With the advent of the free software movement, license schemes were created to give developers more freedom in terms of code sharing, commonly called open source or free and open-source software (called FLOSS, FOSS, or F/OSS). As the English adjective free does not distinguish between "for free" and "liberty", the phrases "free as in freedom of speech" (libre, free software) and "free as in free beer" (gratis, freeware) were adopted. Many in the free software movement feel strongly about the freedom to use the software, make modifications, etc., whether or not this freely usable software is to be exchanged for money. Therefore, this distinction became important.

These phrases have become common, along with gratis and libre, in the software development and computer law fields for encapsulating this distinction. The distinction is similar to the distinction made in political science between positive liberty and negative liberty. Like "free beer", positive liberty promises equal access by all without cost or regard to income, of a given good (assuming the good exists). Like "free speech", negative liberty safeguards the right to use of something (in this case, speech) without regard to whether in a given case there is a cost involved for this use.

Uses in open-access academic publishing 

In order to reflect real-world differences in the degree of open access, the distinction between gratis open access and libre open access was added in 2006 by Peter Suber and Stevan Harnad, two of the co-drafters of the original Budapest Open Access Initiative definition of open access publishing. Gratis open access refers to online access free of charge (which Wikipedia indicates with the icon ), and libre open access refers to online access free of charge plus some additional re-use rights (Wikipedia icon ). Libre open access is equivalent to the definition of open access in the Budapest Open Access Initiative, the Bethesda Statement on Open Access Publishing and the Berlin Declaration on Open Access to Knowledge in the Sciences and Humanities.

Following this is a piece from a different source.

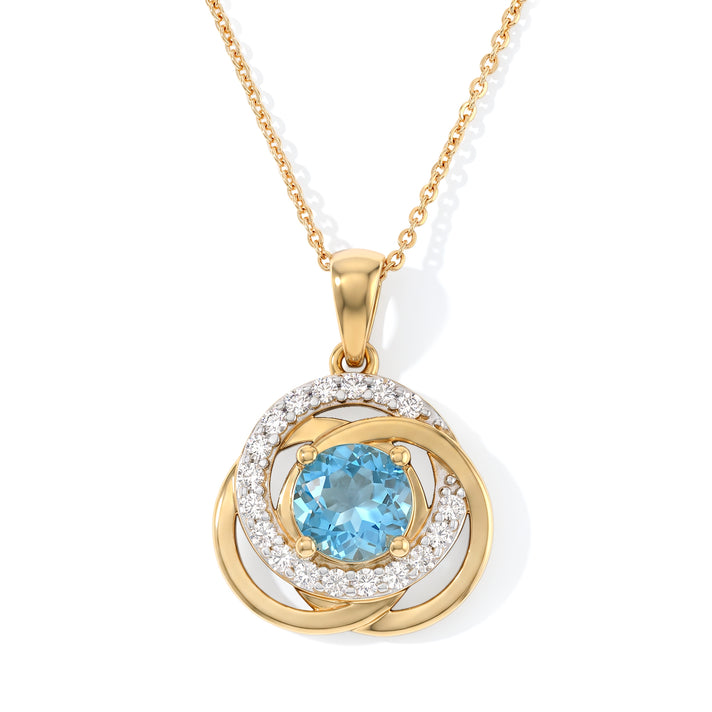 D'Joy - AAA Swiss Blue Topaz &amp; White Zircon The Celtic Eternity Pendant with Chain (Size 20) in Yellow Gold Plated Sterling Silver 1.95 Ct. 4522831 1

The re-use rights of libre OA are often specified by various specific Creative Commons licenses; these almost all require attribution of authorship to the original authors.

Comparison with use in software
The original gratis/libre distinction concerns software (i.e., code), with which users can potentially do two kinds of things: 1. access and use it; and 2. modify and re-use it. "Gratis" pertains to being  to access and use the code, without a price-barrier, while "libre" pertains to being  to modify and re-use the code, without a permission barrier. The target content of the open access movement, however, is not software but published, peer-reviewed research journal article texts.

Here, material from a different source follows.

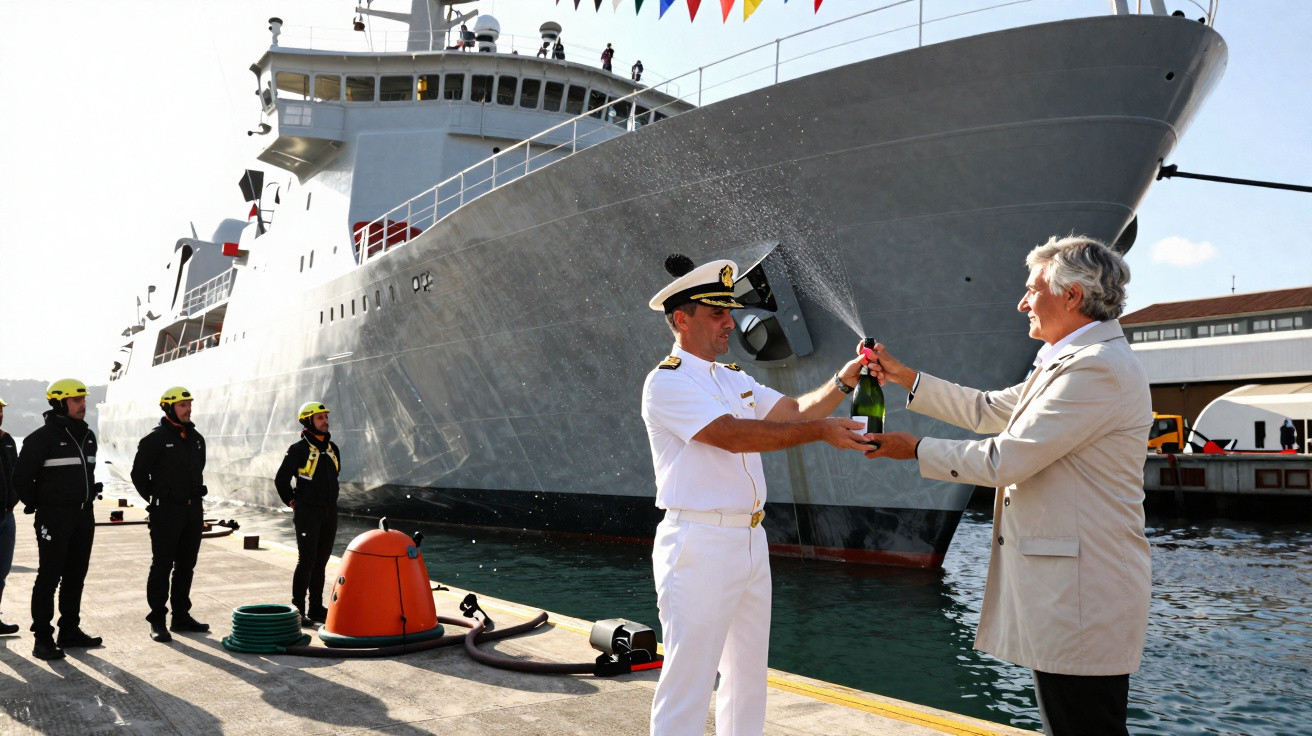 Homem em terno e oficial naval comemoram com champanhe na cerimônia de batismo de navio no porto.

1. Source code accessibility and use. For published research articles, the case for making their text accessible free for all online (Gratis) is even stronger than it is for software code, because in the case of software, some developers may wish to give their code away for free, while others may wish to sell it, whereas in the case of published research article texts, all their authors, without exception, give them away for free: None seek or get royalties or fees from their sale. On the contrary, any access-denial to potential users means loss of potential research impact (downloads, citations) for the author's research—and researcher-authors' employment, salary, promotion and funding depends in part on the uptake and impact of their research.

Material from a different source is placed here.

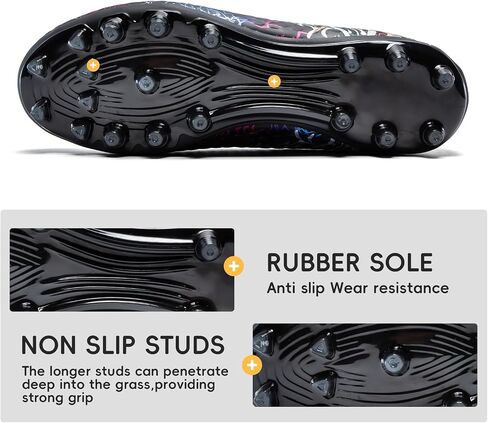 Soccer Cleats Boys Youth Training Football Cleats Athletic Outdoor Girls Soccer Shoes High-top Kids Football Shoes for Little/Big Kid in Saudi Arabia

2. Source code modifiability and re-use. For published research articles, the case for allowing text modification and re-use is much weaker than for software code, because, unlike software, the text of a research article is not intended for modification and re-use. (In contrast, the content of research articles is and always was intended for modification and re-use: that is how research progresses.) There are no copyright barriers to modifying, developing, building upon and re-using an author's ideas and findings, once they have been published, as long as the author and published source are credited—but modifications to the published text are another matter. Apart from verbatim quotation, scholarly/scientific authors are not in general interested in allowing other authors to create "mashups" of their texts. Researcher-authors are all happy to make their texts available for harvesting and indexing for search as well as data-mining, but not for re-use in altered form (without the permission of the author).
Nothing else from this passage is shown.